We have homeschooled our children for the last 5 years.  It was not something I ever really saw myself doing, but I can say that is has been (for the most part) a wonderful experience.  As a homeschool mom, I have learned to immediately recognize when subjects and verbs do not agree, when someone uses “good” where “well” should have been, and I have a new found love for Algebra….yes, you read that right!  I love solving equations and making both sides be equal.  I, on more than one occasion, have sat down and done their homework right along with them because it stimulates my mind.  One part of Algebra that I don’t really like is solving inequalities (greater than, less than or equal to).  I like all things to be in balance.

Recently I have felt an inequality in my own life.  What started as a little uneasy feeling has turned into something that is quite hard to ignore.  I have always had reservations when it came to my daughter’s social media accounts.  I had a really hard time placing why I felt this way.  Confession time, she has over 60,000 followers on YouTube and I am not one of them.  For a long time I told myself that it was just too hard to watch the videos, they were like a high light reel of some of the hardest, lowest points in our lives.  I had already lived through it and I didn’t care to watch the reruns.

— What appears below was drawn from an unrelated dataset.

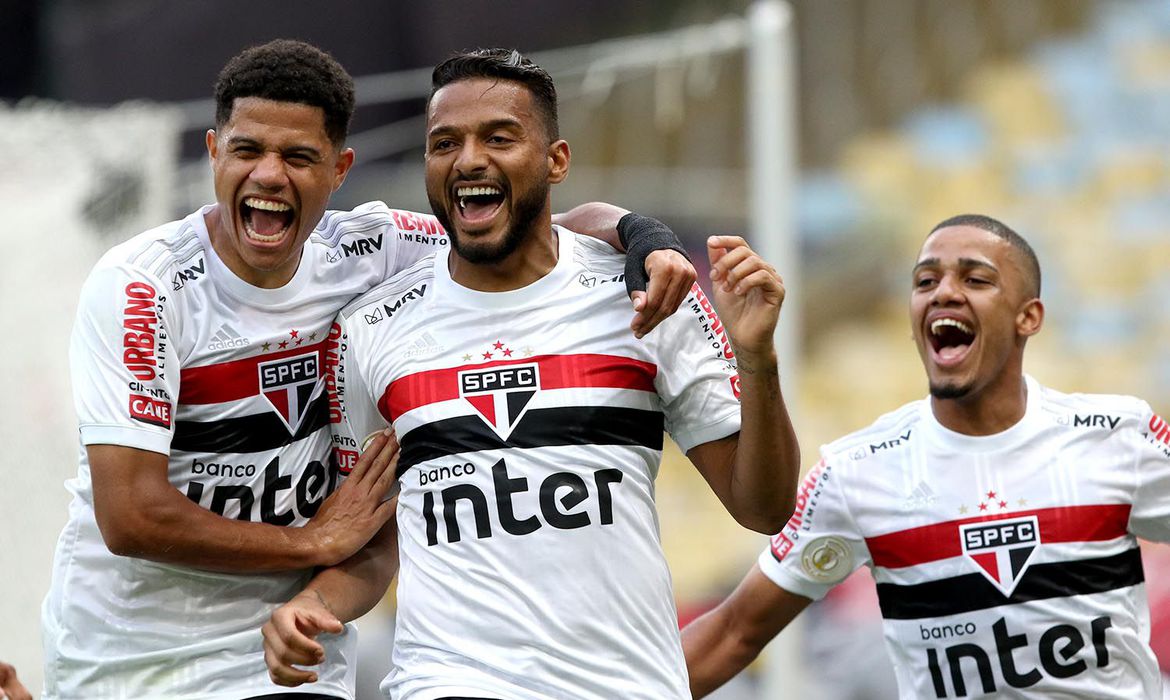APANHOU EM CASA | São Paulo goleia Flamengo no Rio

First, let me say that I LOVE the fact that she is reaching other people who suffer like she does and shining hope into their dark days.  I am so very proud of her for that.  Just yesterday she got a message from someone in England who has EDS and they went to the emergency room and her nurse knew all about her condition because she follows Michelle on YouTube.  Some one across the globe received better care because Michelle was brave enough to pick up her camera and invite others along into the dark messy parts of her life.  That is honorable.

The truth about my uneasiness has nothing to do with what she is doing.  It is all about me and my pride.  I am the queen of “I am fine!”  How are things going?? “We are doing good, how are you?”  Now trust me, this is just as much for your benefit as it is for mine.  I mean does anyone REALLY want to know how things are going when they see me in line at Target? Well……the honest truth is maybe they do.  They might not need the whole story but they probably genuinely care about how I am.

This is where the inequality of the mask I wear proves me to be a fraud.  I saw someone I know from church at the store the other day and I assured them I was fine and we were all good.  Then I went home and watched Michelle’s Instagram story (as this woman may have too since she follows her) and the truth was right out there in the open.  WE ARE NOT FINE.  I do not like being vulnerable.  Instagram and YouTube share a part of my story that you would not know existed from exchanges you have with me in public.

So here it is…….I have been living with grief weighing down my heart for years.  Some days that grief is harder to haul around than others, but it is always there.  This grief has been so very isolating.  I have lived with a fear that it was too much for people to handle, that it would push people away if I talked about it.   I think I acquired the “I am FINE” mask because I had decided years ago that if I had to walk through this desert that I wanted to walk through it in a way that would bring God glory.  The awareness I have been hit over the head with though is that my mask has probably done the exact opposite.  Me walking around trying to prove how strong I am gives NO glory to God.  This is not the Jamie Show.  SO……in an attempt to follow my daughter’s example I am going to lay down the mask, the façade that I am “fine” all the time.   I am going to try to be more God honoring and when given the opportunity let his strength be shown and not my own.

Here are some truths I want you to know about me:

Our situation is hard and I HATE it!  There is no part of this that I am OK with, this is just NOT Ok.

I cry A LOT!

I am NOT strong enough!

This situation leaves me lonely, because it keeps me crazy busy but also because I have pushed people away so that I didn’t drag others down.

BUT…..and it is more important that you know this…..

I actually am FINE a lot of the time.  I have a joy that can only be found in Jesus.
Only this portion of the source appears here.